4. REGRAS DE MERCADO, SOFT LAW, SANÇÕES E ENFORCEMENT

4.1 MERCADO E REGRAS DE SAÍDA DO MERCADO

4.1.1 Em muitos países da Europa continental, o direito societário tradicionalmente foi considerado direito contratual ou, se a companhia fosse uma pessoa jurídica, direito de uma organização jurídica.A idéia de o mercado ter algum papel nisso estava muito longe. As regras sobre transferência de participação societária e ações eram apenas um anexo do direito societário. Com o surgimento da regulação sobre valores mobiliários ou – como os europeus costumam chamar – do direito do mercado de capitais, isso mudou. Esta mudança ocorreu primeiro nos Estados Unidos na década de 1930 e depois na Europa, com base no exemplo americano, apesar de na Alemanha e na Suíça ter acontecido de maneira lenta a partir da década de 1970. A regulamentação sobre valores mobiliários desenvolveu-se, em certo grau, como "direito societário federal", nos Estados Unidos, e representou um tipo de herança americana para a Europa e para o mundo. Na teoria societária moderna européia, direito societário e direito do mercado de capitais são também irmãos gêmeos. As muitas sobreposições de regras são prova disso.

É verdade que a dupla natureza das regras e dos institutos de direito societário e de direito de mercado de capitais tem os seus problemas, o que pode ser percebido no hiato entre considerar o direito societário como direito privado e o direito do mercado de capitais como direito público (KRAAKMAN et al., 2004, p. 213) (o contraste dessa distinção, por questões históricas, é sentido mais fortemente sentido na Europa que nos Estados Unidos). Mas os problemas também podem ser constatados no fato de diferentes tribunais e jurisdições terem competência para decidir conflitos. Por outro lado, o caráter híbrido é similar aos registros de um órgão de igreja, uma vez que eles permitem muitas nuances e tocar com forças diferentes. Como exemplo, pode-se tomar a questão do enforcement. Não posso ir mais fundo nesta questão, mas gostaria de mencionar apenas três áreas particularmente férteis para o desenvolvimento tanto do direito societário quanto do direito do mercado de capitais. A primeira é o direito de exclusão (squeeze-out), que tanto está previsto em dispositivo sobre questões posteriores ao takeover, conforme a 13.ª Diretiva, quanto é considerado em instrumentos do direto societário, conforme o Plano de Ação da Comissão Européia. Tenho conhecimento de que os ingleses restringem o direto de exclusão às normas sobre takeover, enquanto em outros países, até a 13.ª Diretiva, esse direito não existia ou, se existia, era um instrumento que possibilitava ao acionista participação de 95% ou mais e excluir o restante. Segundo, o exemplo americano mostra a fertilidade das regras antifraude, como a Rule 10b-5 que a SEC e as cortes americanas utilizam com freqüência. Por razões históricas e de direito administrativo, as comissões européias sobre valores mobiliários, ao menos na Alemanha, abstiveram-se de aumentar as provisões antifraude. O equivalente às regras antifraude, no entanto, ao menos para os administradores de companhias, está nas suas obrigações de lealdade, que têm extensas ramificações. Terceiro, há a clara tendência no direito societário moderno, tanto na lei e na prática quanto na academia e na teoria, de se ter um conjunto de regras específicas para as companhias listadas (por exemplo, na França, Suécia, Áustria, Alemanha e em parte da legislação européia sobre direito societário, auditoria e demonstrações financeiras). Esta tendência está claramente aumentando, com conseqüências para a teoria e prática do direito societário.

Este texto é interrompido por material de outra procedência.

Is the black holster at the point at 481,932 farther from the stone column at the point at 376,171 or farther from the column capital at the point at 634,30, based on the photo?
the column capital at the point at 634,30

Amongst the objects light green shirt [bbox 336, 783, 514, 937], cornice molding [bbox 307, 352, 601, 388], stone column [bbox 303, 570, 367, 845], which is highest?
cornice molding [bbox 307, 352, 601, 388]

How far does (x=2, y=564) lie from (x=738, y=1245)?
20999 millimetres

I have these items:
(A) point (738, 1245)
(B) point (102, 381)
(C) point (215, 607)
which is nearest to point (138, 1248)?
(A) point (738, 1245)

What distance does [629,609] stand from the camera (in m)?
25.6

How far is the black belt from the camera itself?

4.1.2 O direito do mercado de capitais é certamente o mais próximo e o mais importante para o direito societário. Deveria mencionar ainda, rapidamente, três outros ramos do direito importantes para o mercado, funcionalmente relevantes para o direito societário. Primeiro está o direito concorrencial que mantém o mercado aberto, questão que, no passado, ainda era tratada dentro das fronteiras do direito societário. Nos Estados Unidos, perto da virada do século XIX para o XX, The Trust Problem era um problema do poder das companhias. O desenvolvimento concorrencial ocorreu gradualmente em um campo separado do direito. Hoje, existem importantes sobreposições entre as duas áreas. Alguns conceitos são similares nos dois ramos, por exemplo, a noção de controle, o problema de certas condutas, requisitos de divulgação de informações etc.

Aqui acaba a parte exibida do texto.